V. The Appellant requested that the decision under appeal be set aside and that a patent be granted on the basis of claims 1 to 5 according to the Main Request; or on the basis of one of the Auxiliary Requests 1 to 3, all the above being submitted at the oral proceedings held on 10 November 2011 before the Board.

VI. At the end of the oral proceedings the decision of the Board was announced.

Reasons for the Decision

1. The appeal is admissible.

2. Scope of examination on appeal

Proceedings before the Boards of Appeal in ex-parte cases are primarily concerned with examining the contested decision (see decision G 10/93, OJ EPO 1995, 172, points 4 and 5 of the reasons), other issues not dealt with in the decision normally being left to the Examining Division to consider after a referral back, so that the Appellant has the opportunity for these to be considered without loss of an instance (Article 111(1) EPC second sentence).

Main request

3. The decision under appeal dealt with a then pending main request and five auxiliary requests. The decision on these requests was based exclusively on the independent claims 1, which were all directed to sterilization methods, which according to the decision under appeal were neither considered to be novel nor to involve an inventive step (see paragraph II supra). As an additional remark, which did not form part of the decision under appeal, the Examining Division stated that those independent claims, which were directed to ion generating devices characterized merely be reference to the independent method claim 1, would also not be patentable.

3.1 Before the Board for the first time a main request was presented, which contained substantial amendments, since the claims were exclusively directed to devices such as ion generating devices and air conditioning devices, all method claims having been deleted. In addition, these "device" claims were no longer characterized by mere reference to the method claims, but defined the devices by a specific combination of technical features corresponding to the various structural components of the claimed devices. Therefore, the remark in the decision under appeal concerning the non-patentability of the then pending device claims no longer applies to the device claims submitted with the present main request. Further, as the decision under appeal dealt only with method claims, the Board concludes that by filing a main request, which no longer contains any method claims, the grounds for refusing the application were overcome, with the consequence that the appeal is well founded.

4. Remittal

Having so decided, the Board has not taken a decision on the substantive issues raised by the main request since the decision under appeal was solely based on claims of a different category. Thus, the claims according to the main request give rise to fresh issues not yet addressed in examination proceedings constituting a "fresh case" (see e.g. decisions T 63/86, OJ EPO 1988, 224; T 47/90, OJ EPO, 1991, 486).
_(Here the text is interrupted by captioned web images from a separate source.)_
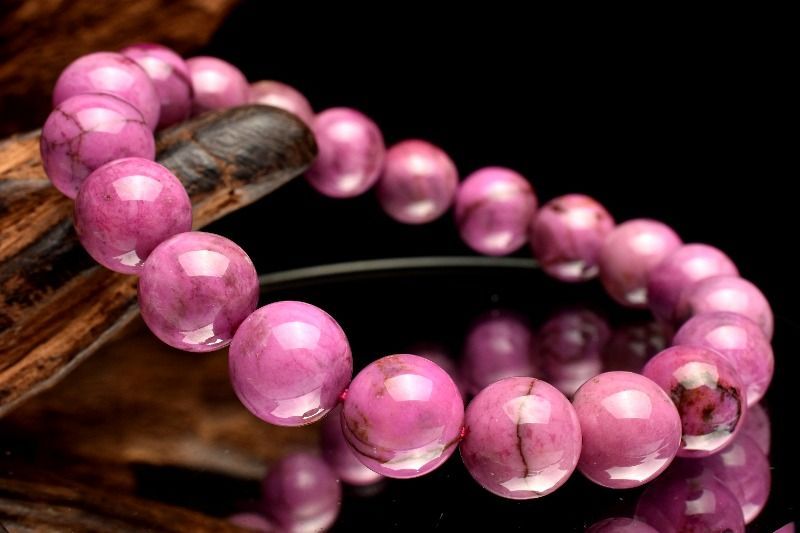 １点物 5A級 高発色 コバルトドロマイト コバルトカルサイト 9.5mm ブレスレット パワーストーン 天然石 _MA8644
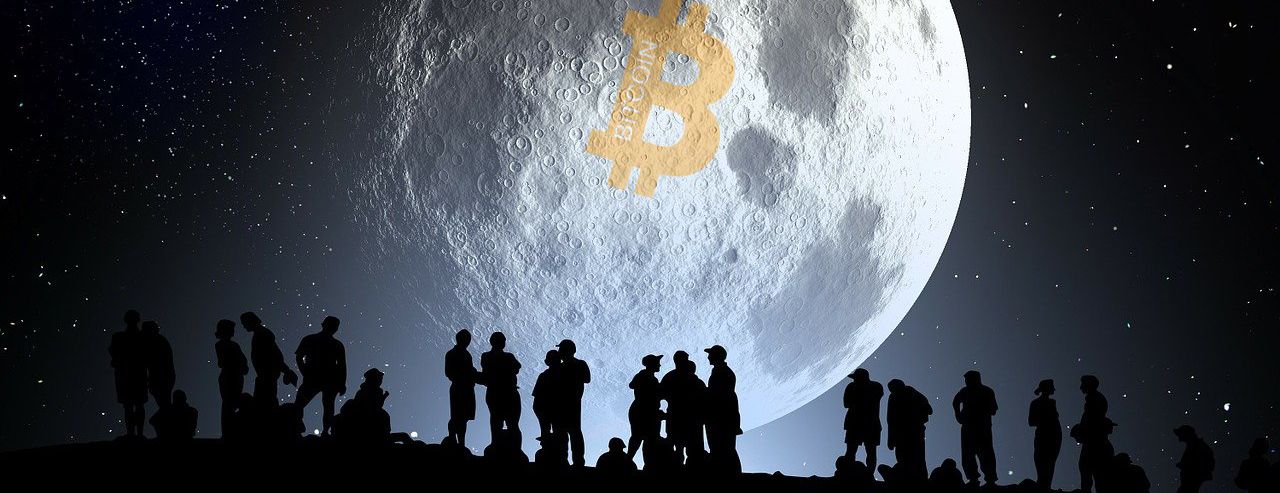بیت کوین روی ماه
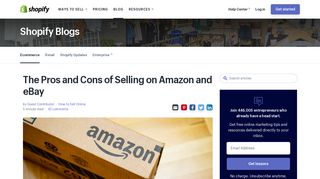 Selling on Amazon and eBay - The Pros and Cons - Marketplace Fees ...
As the Examining Division has not yet ruled on the requirements for patentability of claims directed exclusively to devices such as ion generating devices and air conditioning devices, the Board considers it appropriate to exercise the power conferred on it by Article 111(1) EPC to remit the case to the Examining Division for further prosecution on the basis of claims 1 to 5 according to the Main Request filed during Oral proceedings held on 10 November 2011 before the Board, in order to enable the first instance to decide on the outstanding issues.


For these reasons it is decided that:

1. The decision under appeal is set aside.

2. The case is remitted to the department of first instance for further prosecution upon the basis of claims 1 to 5 of the Main Request submitted at the oral proceedings before the Board.